Required work —
Please restate word for word all lines from the one containing "Set of vintage" to the final line of the entries, and include no pictures.

Records provided —
==========

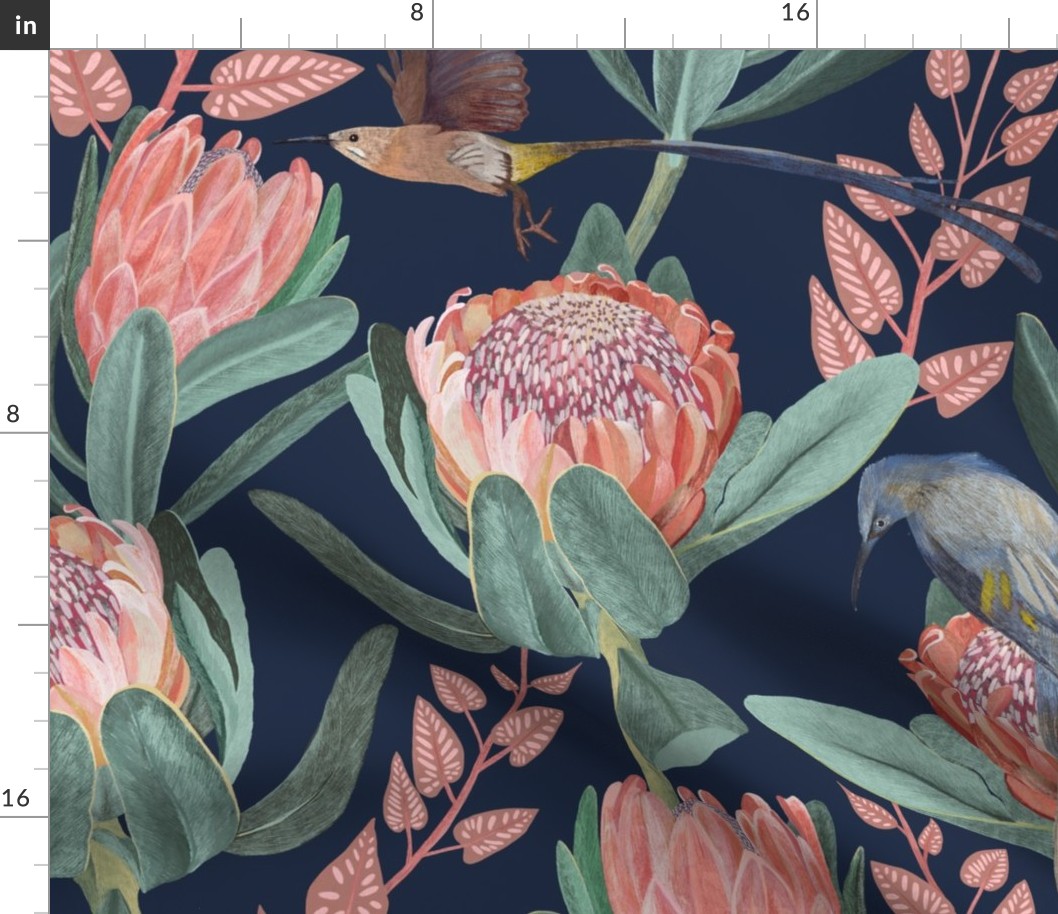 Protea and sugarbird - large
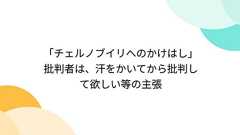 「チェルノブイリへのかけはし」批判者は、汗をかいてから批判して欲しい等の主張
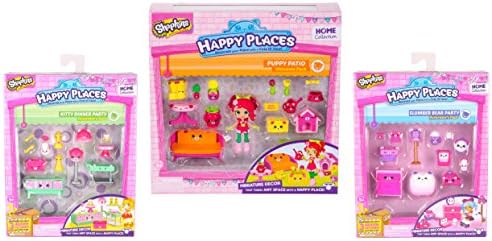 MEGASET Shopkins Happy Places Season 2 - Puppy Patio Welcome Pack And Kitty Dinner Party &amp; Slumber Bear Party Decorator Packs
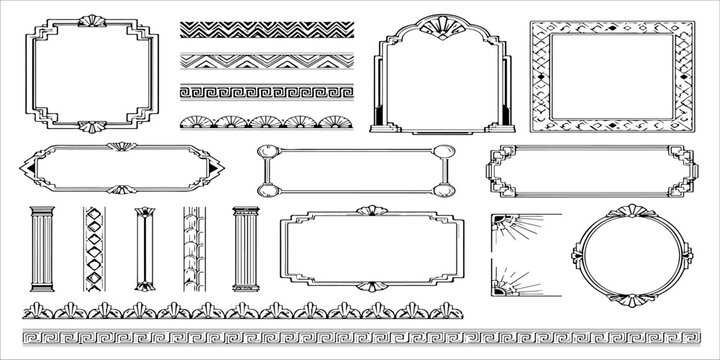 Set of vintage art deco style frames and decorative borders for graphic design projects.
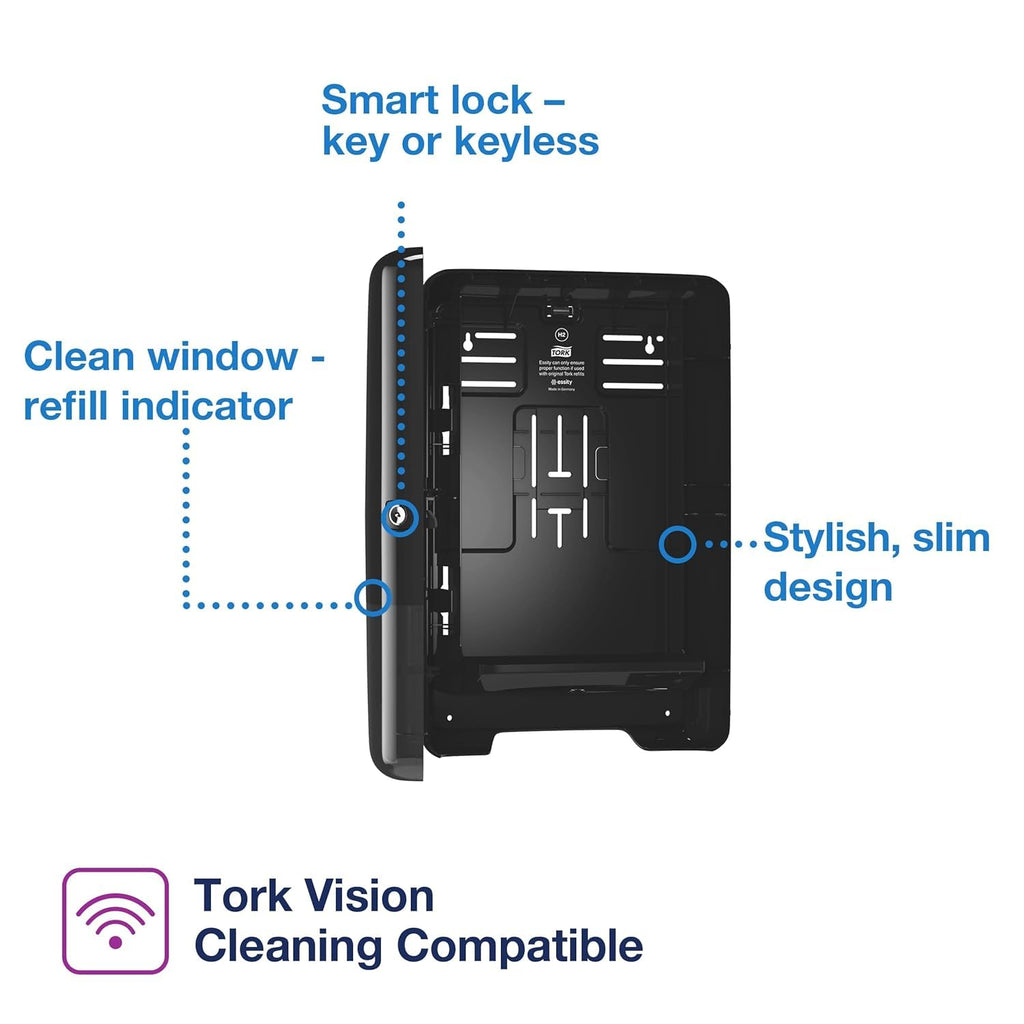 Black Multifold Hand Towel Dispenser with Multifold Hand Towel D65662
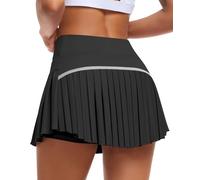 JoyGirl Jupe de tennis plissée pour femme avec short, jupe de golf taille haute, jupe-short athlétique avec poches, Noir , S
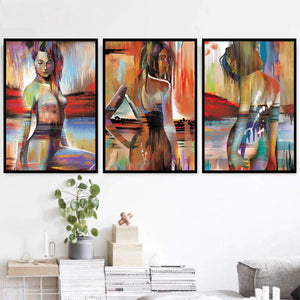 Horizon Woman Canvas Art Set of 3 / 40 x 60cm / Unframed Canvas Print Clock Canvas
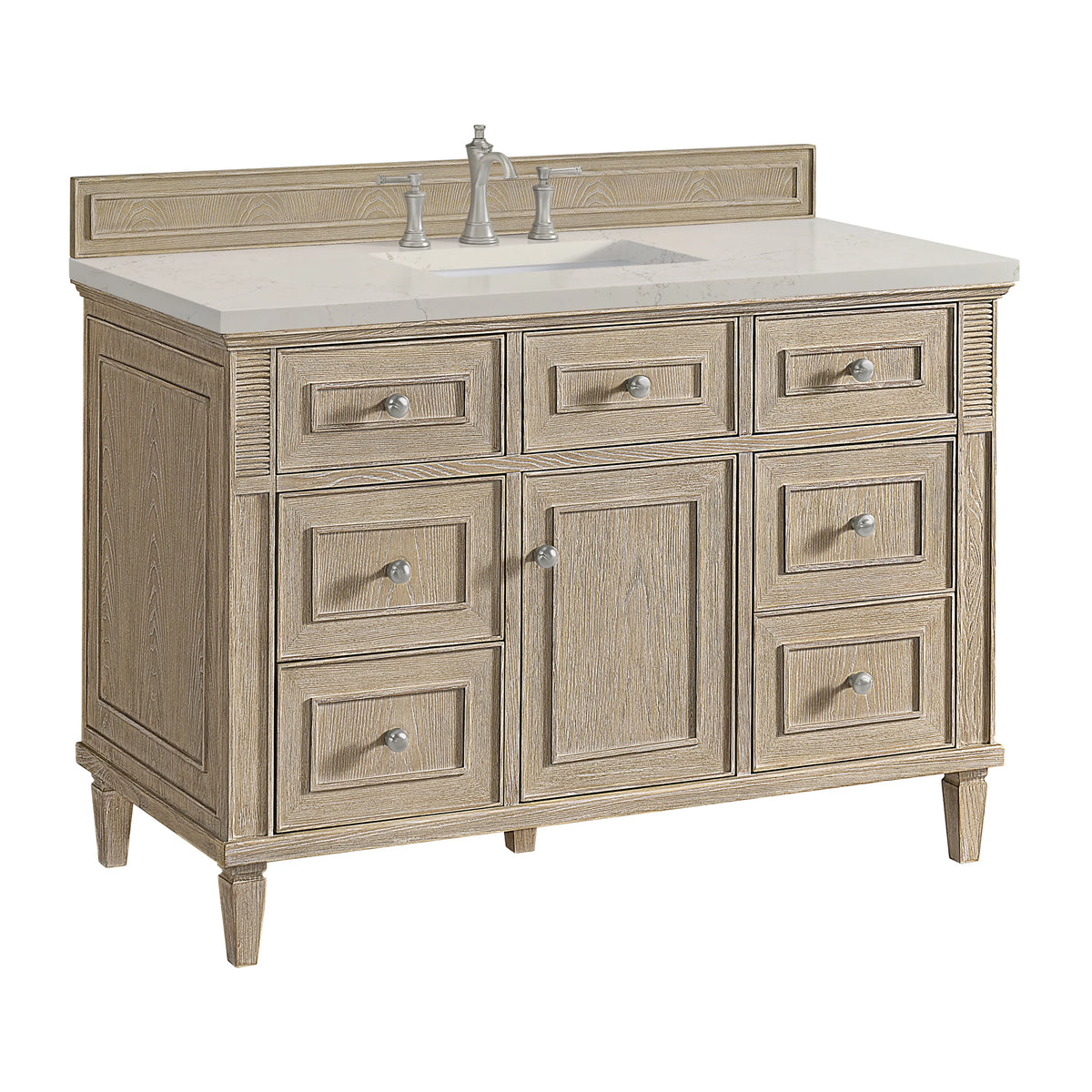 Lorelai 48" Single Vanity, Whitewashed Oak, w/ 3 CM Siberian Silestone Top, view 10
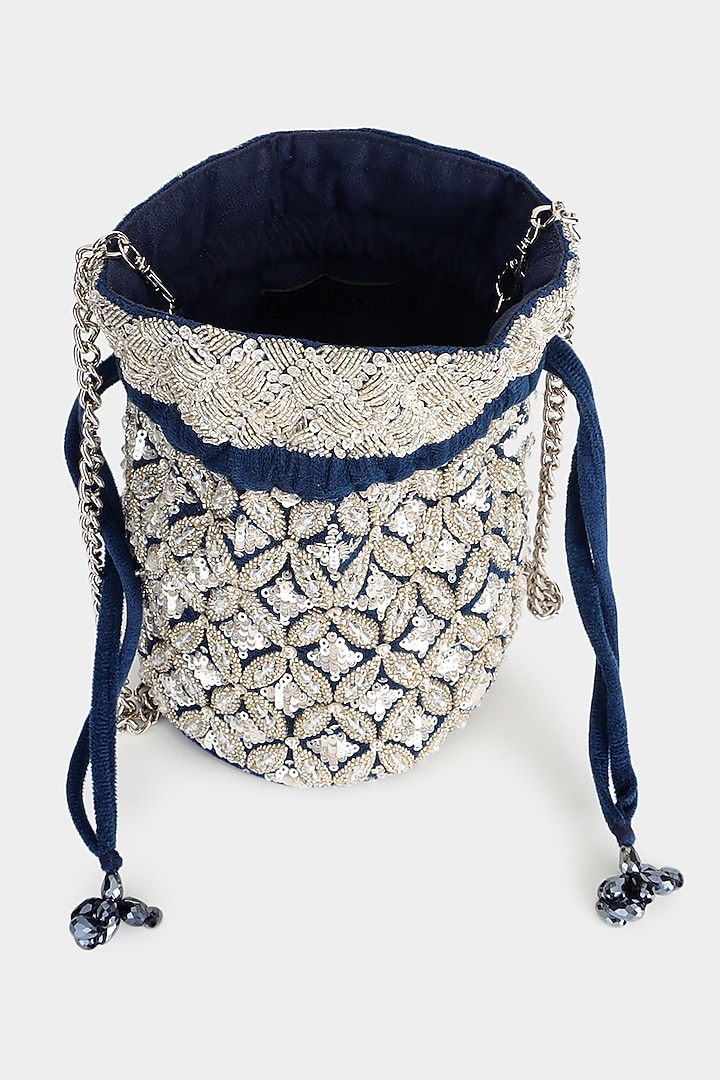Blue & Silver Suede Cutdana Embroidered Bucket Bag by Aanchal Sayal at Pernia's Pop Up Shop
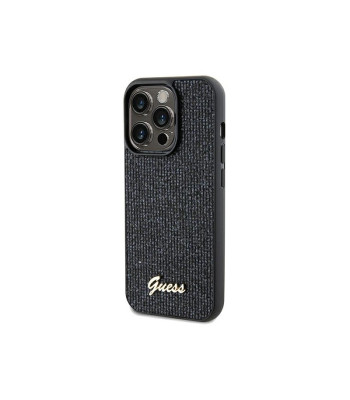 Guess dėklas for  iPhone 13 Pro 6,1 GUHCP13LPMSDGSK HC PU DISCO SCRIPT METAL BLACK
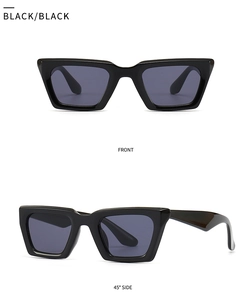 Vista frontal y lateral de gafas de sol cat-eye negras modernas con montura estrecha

==========

Solution to this task —
 Set of vintage art deco style frames and decorative borders for graphic design projects.
 Black Multifold Hand Towel Dispenser with Multifold Hand Towel D65662
 JoyGirl Jupe de tennis plissée pour femme avec short, jupe de golf taille haute, jupe-short athlétique avec poches, Noir , S
 Horizon Woman Canvas Art Set of 3 / 40 x 60cm / Unframed Canvas Print Clock Canvas
 Lorelai 48" Single Vanity, Whitewashed Oak, w/ 3 CM Siberian Silestone Top, view 10
Blue & Silver Suede Cutdana Embroidered Bucket Bag by Aanchal Sayal at Pernia's Pop Up Shop
 Guess dėklas for  iPhone 13 Pro 6,1 GUHCP13LPMSDGSK HC PU DISCO SCRIPT METAL BLACK
 Vista frontal y lateral de gafas de sol cat-eye negras modernas con montura estrecha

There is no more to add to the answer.